Guess what? Blood vessels contain blood. That may seem obvious now, but 3,000 years ago, people thought vessels carried air or even urine.
Everything we know was built on ideas that came before us. There’s a saying: “If we achieve greatness, it is because we stand on the shoulders of giants.” The “giants” of heart medicine are doctors and scientists who worked at different times over the past 10,000 years. Some of their ideas were silly or wrong, but their discoveries made modern medicine possible.

▲ Sumerians (about 5000 B.C.) believed the liver created blood. They wrote that the heart, not the brain, was the center of thought.
▲ Imhotep (about 2700–2670 B.C.) was an Egyptian pyramid engineer. He was also an astronomer and did other things. As a doctor, he learned that blood circulates and that the heart pumps it in pulses.

▲ Early doctors couldn’t just open a dead body to study the heart, because dissecting humans was forbidden. Even so, a Greek named Alcmaeon of Croton (about 500 B.C.) was the first known person to do it anyway. He figured out that the brain, not the heart, did the thinking. He also saw that blood vessels came in two kinds: veins and arteries.

▲ Herophilus was a doctor in ancient Greece (about 300 B.C.). Many Greeks believed that air flowed through blood vessels. The word artery means “air carrier.” Herophilus set most people straight, though the “air carrier” theory stuck around for a while longer.

▲ Galen (about A.D. 130–199) was a doctor for great Roman emperors. For 1,400 years, other doctors used his two books on medicine to train. Too bad the books were mostly wrong. For one thing, Galen saw the heart as an oven for keeping blood warm. He thought blood flowed from one half of the heart to the other through tiny holes. He also wrote that the body made blood directly out of the food you ate.
▲ Sick people have bad blood, so just get rid of the bad blood, and they’ll get well. That’s what many people thought, up to the nineteenth century. Many doctors thought bloodletting was a great cure. They’d cut open a patient’s vein or use leeches. Leeches are slimy creatures that attach to skin and suck out the “bad blood.” Of course, “treatments” like these just made people sicker—if they didn’t kill them.
Check It Out!
Pretend you’re an ancient doctor. Looking at the outside of your body, can you explain how things work? For example, why does bruised skin go from black and blue to yellow and green and then to normal again?
A bruise means blood vessels just under the skin are broken. The blood is red, but it doesn’t stay that way for long. It loses its oxygen and turns dark purple (or “black and blue”). Slowly, the body breaks down the loose blood. It gets rid of hemoglobin (red coloring matter), and that turns the bruise from purple to yellow or green. When all the blood has been broken down, the bruise goes away.
▲ Leonardo da Vinci (1452–1519 was a scientist, artist, and inventor. He took apart dead bodies to see how they worked and drew the first accurate diagrams of the heart.

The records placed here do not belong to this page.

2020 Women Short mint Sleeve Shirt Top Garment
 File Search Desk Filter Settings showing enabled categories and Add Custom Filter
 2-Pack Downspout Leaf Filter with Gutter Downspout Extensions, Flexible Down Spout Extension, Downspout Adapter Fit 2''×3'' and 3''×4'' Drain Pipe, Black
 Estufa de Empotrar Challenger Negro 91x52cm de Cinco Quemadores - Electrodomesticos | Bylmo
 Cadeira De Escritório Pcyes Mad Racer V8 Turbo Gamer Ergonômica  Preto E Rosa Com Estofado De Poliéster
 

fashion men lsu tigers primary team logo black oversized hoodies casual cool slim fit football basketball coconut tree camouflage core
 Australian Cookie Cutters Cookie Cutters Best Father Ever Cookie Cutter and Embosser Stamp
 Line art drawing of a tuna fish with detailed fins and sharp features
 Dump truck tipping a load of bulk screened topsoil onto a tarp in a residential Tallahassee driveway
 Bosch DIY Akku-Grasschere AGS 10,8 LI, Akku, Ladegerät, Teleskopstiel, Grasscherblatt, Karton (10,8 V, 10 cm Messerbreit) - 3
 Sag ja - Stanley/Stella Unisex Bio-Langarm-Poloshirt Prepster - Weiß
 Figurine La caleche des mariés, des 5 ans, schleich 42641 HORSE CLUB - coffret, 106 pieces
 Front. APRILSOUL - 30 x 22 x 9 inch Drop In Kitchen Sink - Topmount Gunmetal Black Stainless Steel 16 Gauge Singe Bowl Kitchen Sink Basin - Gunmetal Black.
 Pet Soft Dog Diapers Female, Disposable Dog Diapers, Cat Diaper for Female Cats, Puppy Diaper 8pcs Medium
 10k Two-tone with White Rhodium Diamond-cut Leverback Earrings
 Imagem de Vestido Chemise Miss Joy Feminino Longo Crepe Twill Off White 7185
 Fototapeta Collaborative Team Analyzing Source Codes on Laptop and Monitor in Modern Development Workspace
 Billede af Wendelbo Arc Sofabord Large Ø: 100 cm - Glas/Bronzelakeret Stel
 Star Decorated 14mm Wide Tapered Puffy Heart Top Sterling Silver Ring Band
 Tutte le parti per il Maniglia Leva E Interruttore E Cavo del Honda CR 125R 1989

▲ Andreas Vesalius (1514–1564) learned the position of organs from inaccurate diagrams like this one. He later corrected them and most of Galen’s wrong ideas. Then Vesalius published a new, more accurate anatomy book.
▲ William Harvey (1578–1657) learned how the circulatory system really works: Blood does not come from food. Arteries pass blood to the veins in the outer parts of the body. Veins carry blood toward the heart. In other words, the circulatory system is circular. Harvey’s discoveries are among the biggest advances in all medicine, not just heart medicine. Before his work, heart science was in the Dark Ages, but he led the way toward modern heart science.
Try This!
Next time you have chicken or turkey for dinner, ask an adult to help you dissect the bird’s heart (if it’s included). Rinse the heart and set it on a plate. Look for the yellow globs. That’s fat. Does the muscle feel tough or soft, and how many tubes go in and out of it? Now compare the heart to the liver. The heart has mechanical, or moving, parts, and if you slice it in half you’ll see the chambers, tubes, and valves. But if you rinse the liver and slice it in half, it looks the same all over. When you’re done, throw out the organs and wash your hands with soap and hot water.